[[ RECORDS FOR THIS EXERCISE open ]]

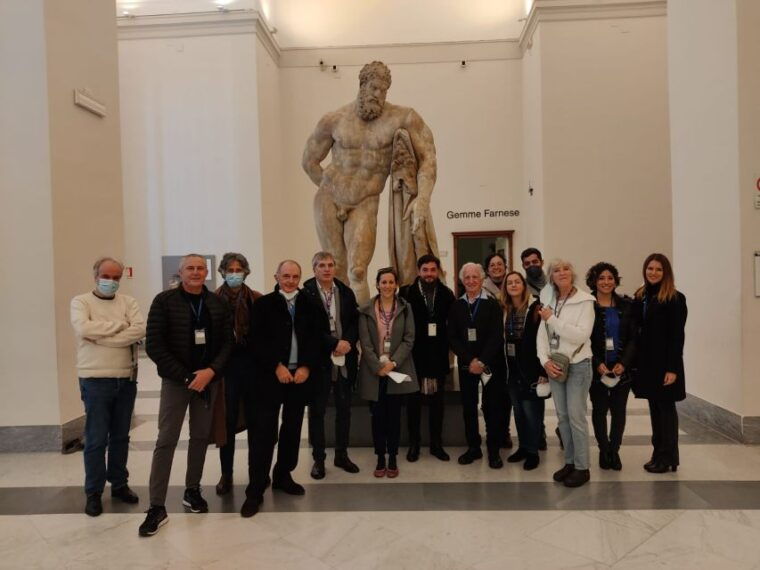 national-archaeological-museum-of-naples-private-guided-tour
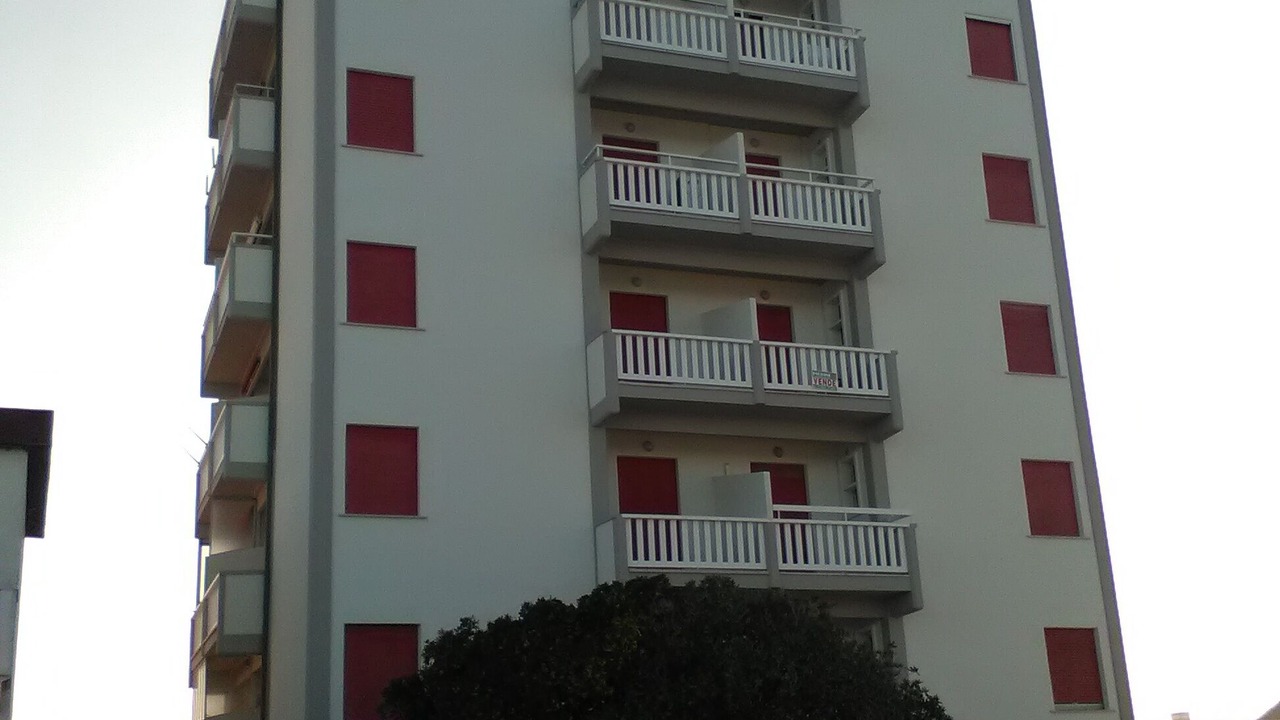 Photo of Outdoor in Marotta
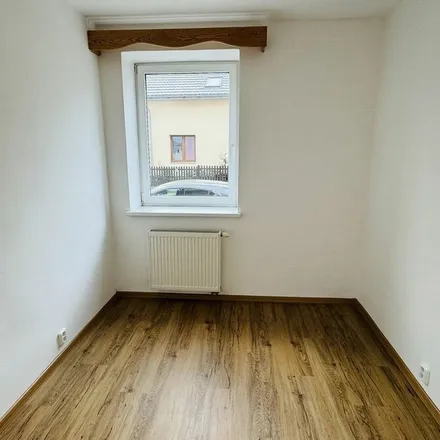 Image 4 - LB1, nám. Dr. E. Beneše, 460 59 Liberec, Czechia - Apartment for rent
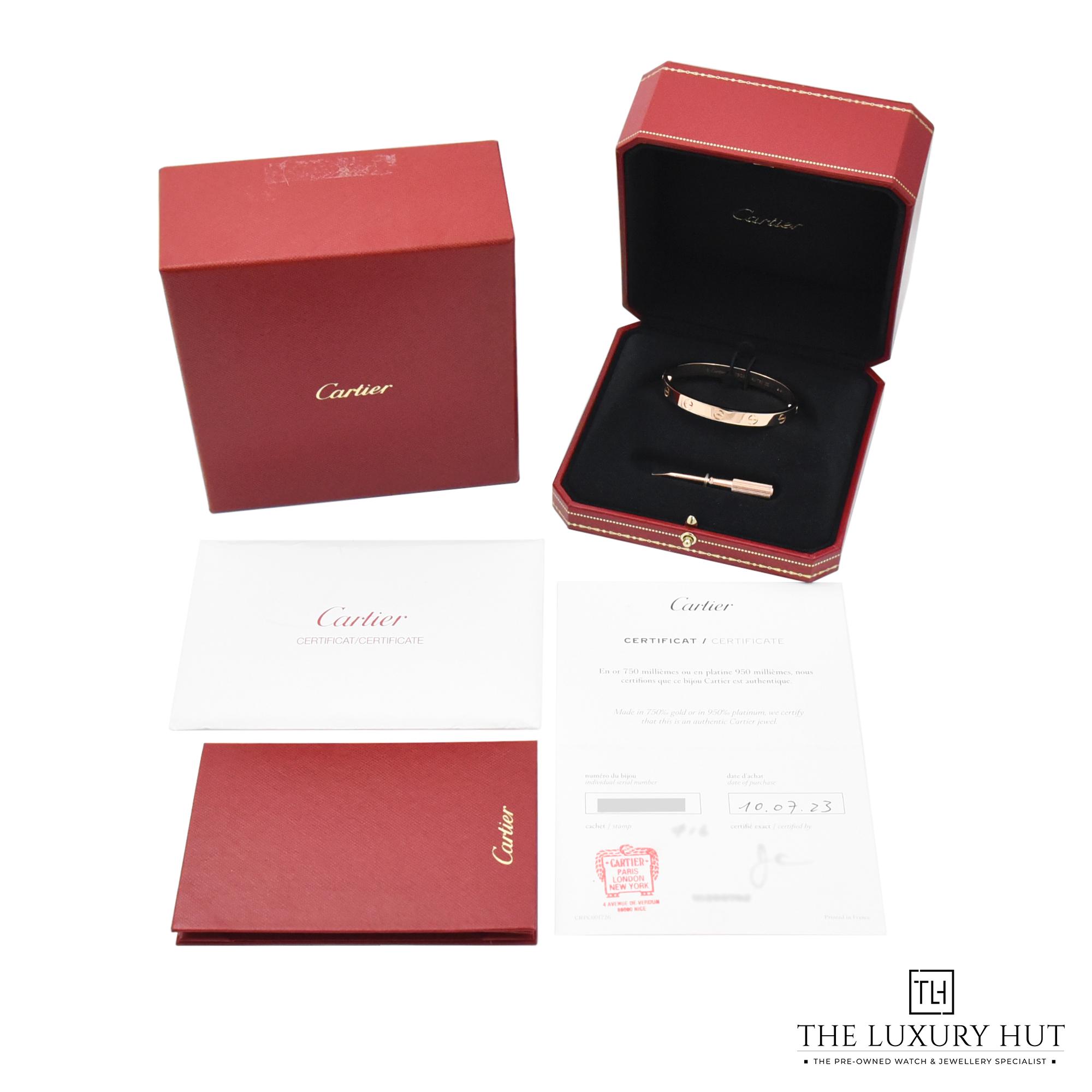 2024/02/Cartier_Rose_Gold_Love_Bangle_LB153e.jpg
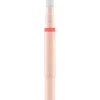 Clearance Colour Cushion 020 Gloss Angeles Juicy Lip Oil Lipmake-Up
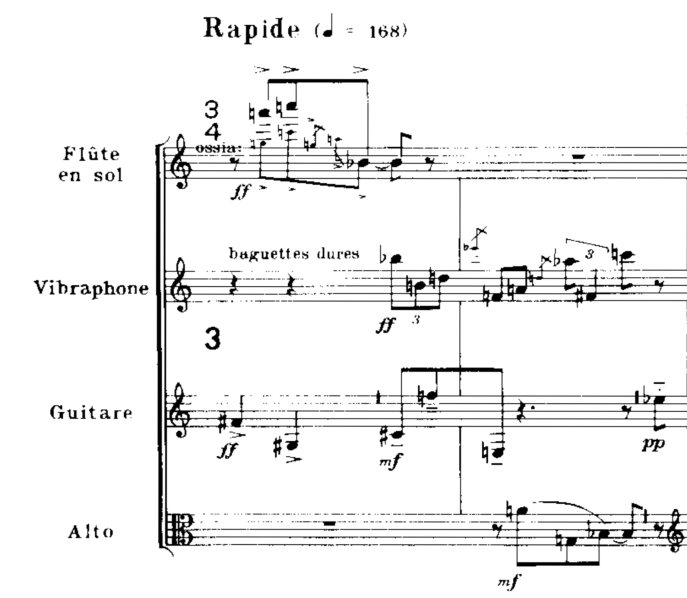 Screen Shot 2018-12-28 at 14.04.50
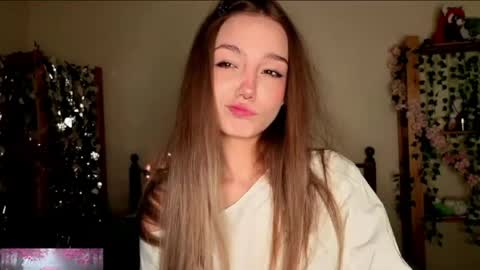 Masha online show from May 23, 2026, 1:37 pm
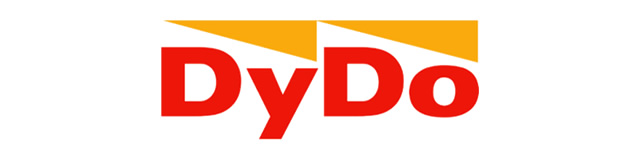 �_�C�h�[�h�����R�������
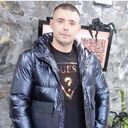 ���������� �������, ���� ������� Vadim, 37 ���, ������������ ��� ������, ����� � ���������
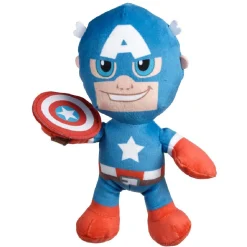 Peluche Avengers H. 20 cm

[[ RECORDS FOR THIS EXERCISE closed ]]

◆ **WORK INSTRUCTION**: Return every line of the records exactly as given, pictures excluded.

◆ **COMPLETED EXERCISE**:
 national-archaeological-museum-of-naples-private-guided-tour
 Photo of Outdoor in Marotta
 Image 4 - LB1, nám. Dr. E. Beneše, 460 59 Liberec, Czechia - Apartment for rent
 2024/02/Cartier_Rose_Gold_Love_Bangle_LB153e.jpg
 Clearance Colour Cushion 020 Gloss Angeles Juicy Lip Oil Lipmake-Up
 Screen Shot 2018-12-28 at 14.04.50
 Masha online show from May 23, 2026, 1:37 pm
 �_�C�h�[�h�����R�������
 ���������� �������, ���� ������� Vadim, 37 ���, ������������ ��� ������, ����� � ���������
 Peluche Avengers H. 20 cm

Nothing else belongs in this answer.